Excerpted records:
━━━━━━━━

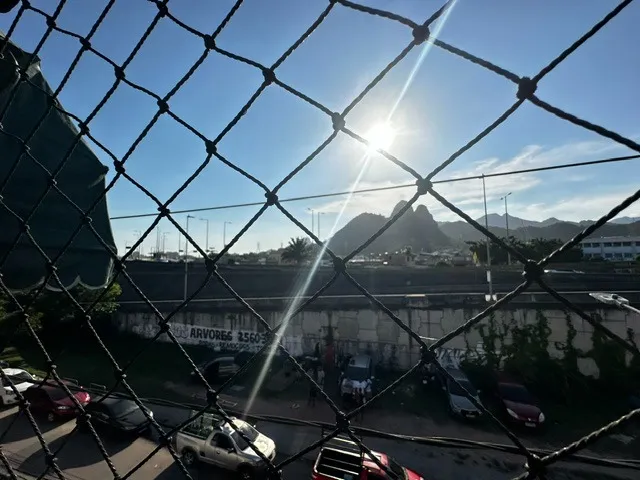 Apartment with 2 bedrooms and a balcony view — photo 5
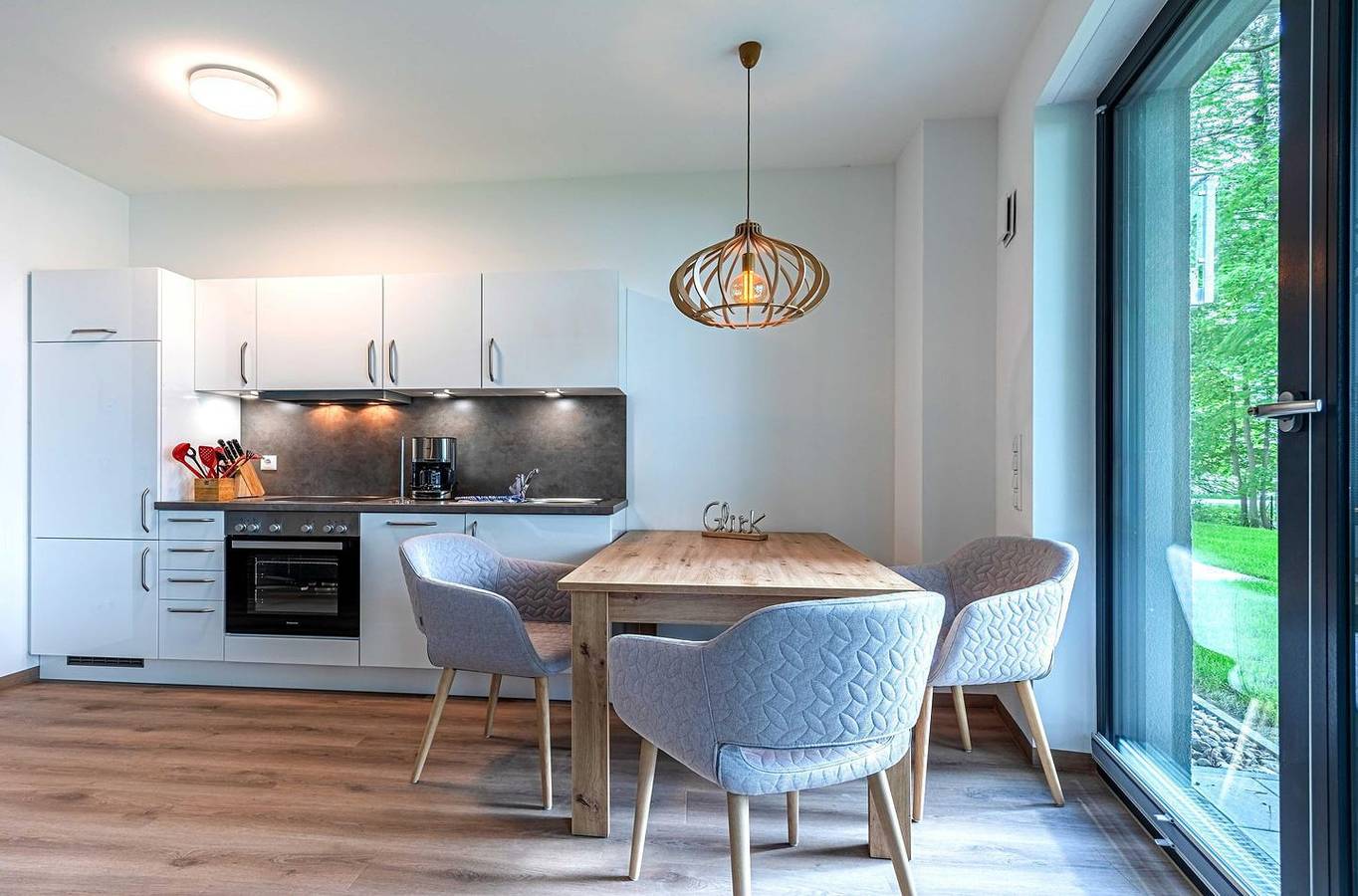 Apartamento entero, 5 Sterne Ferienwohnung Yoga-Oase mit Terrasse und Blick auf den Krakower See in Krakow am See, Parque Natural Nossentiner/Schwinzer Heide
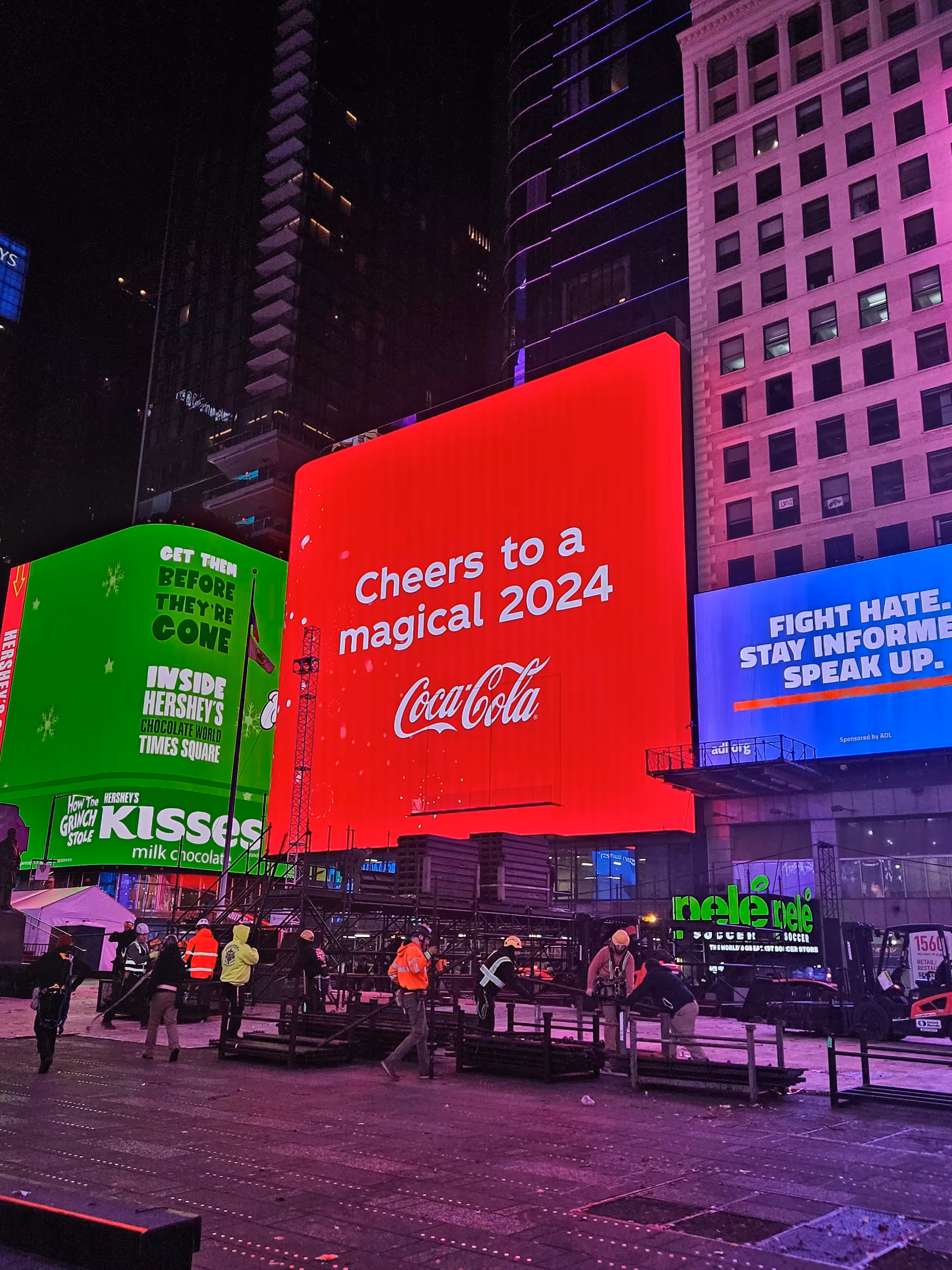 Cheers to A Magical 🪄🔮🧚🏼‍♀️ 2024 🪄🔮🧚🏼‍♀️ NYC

━━━━━━━━

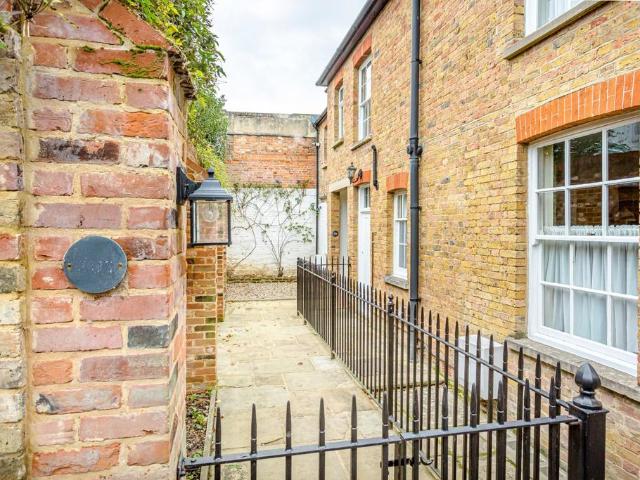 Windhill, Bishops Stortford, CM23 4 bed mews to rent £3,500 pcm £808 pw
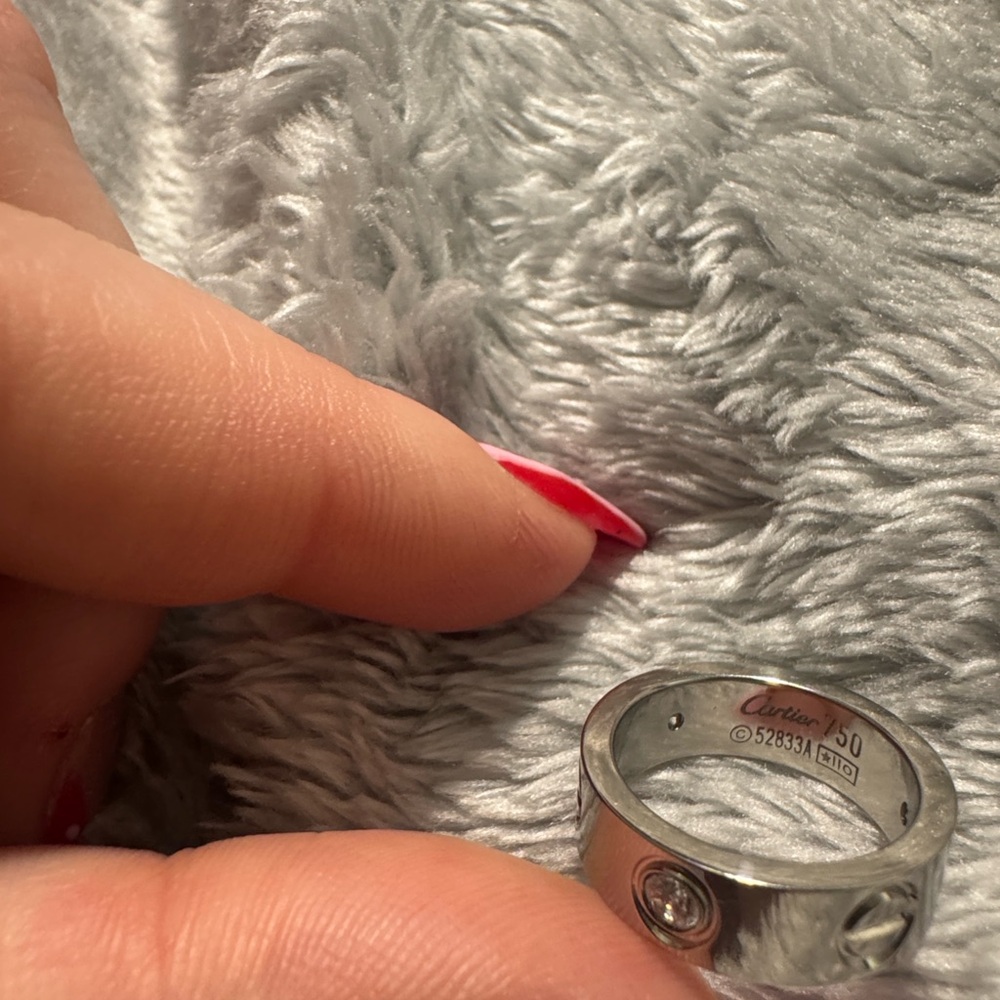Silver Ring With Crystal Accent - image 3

━━━━━━━━

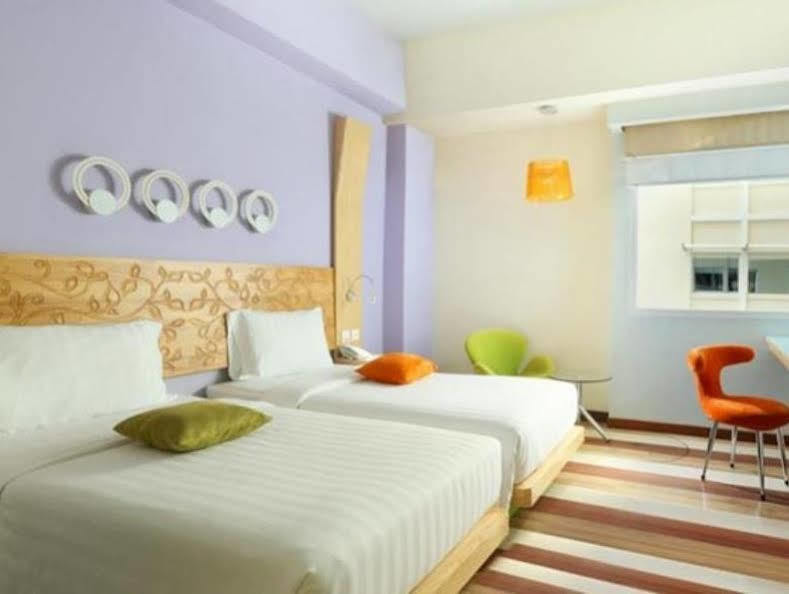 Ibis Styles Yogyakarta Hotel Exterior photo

━━━━━━━━

Problem to solve: Leaving out the pictures, please output the lines in the entries above from the one with "Apartamento entero, 5" through the one with "Cheers to A Magical 🪄🔮🧚🏼‍♀️ 2024 🪄🔮🧚🏼‍♀️ NYC", exactly as they are.

Response to this task:
 Apartamento entero, 5 Sterne Ferienwohnung Yoga-Oase mit Terrasse und Blick auf den Krakower See in Krakow am See, Parque Natural Nossentiner/Schwinzer Heide
 Cheers to A Magical 🪄🔮🧚🏼‍♀️ 2024 🪄🔮🧚🏼‍♀️ NYC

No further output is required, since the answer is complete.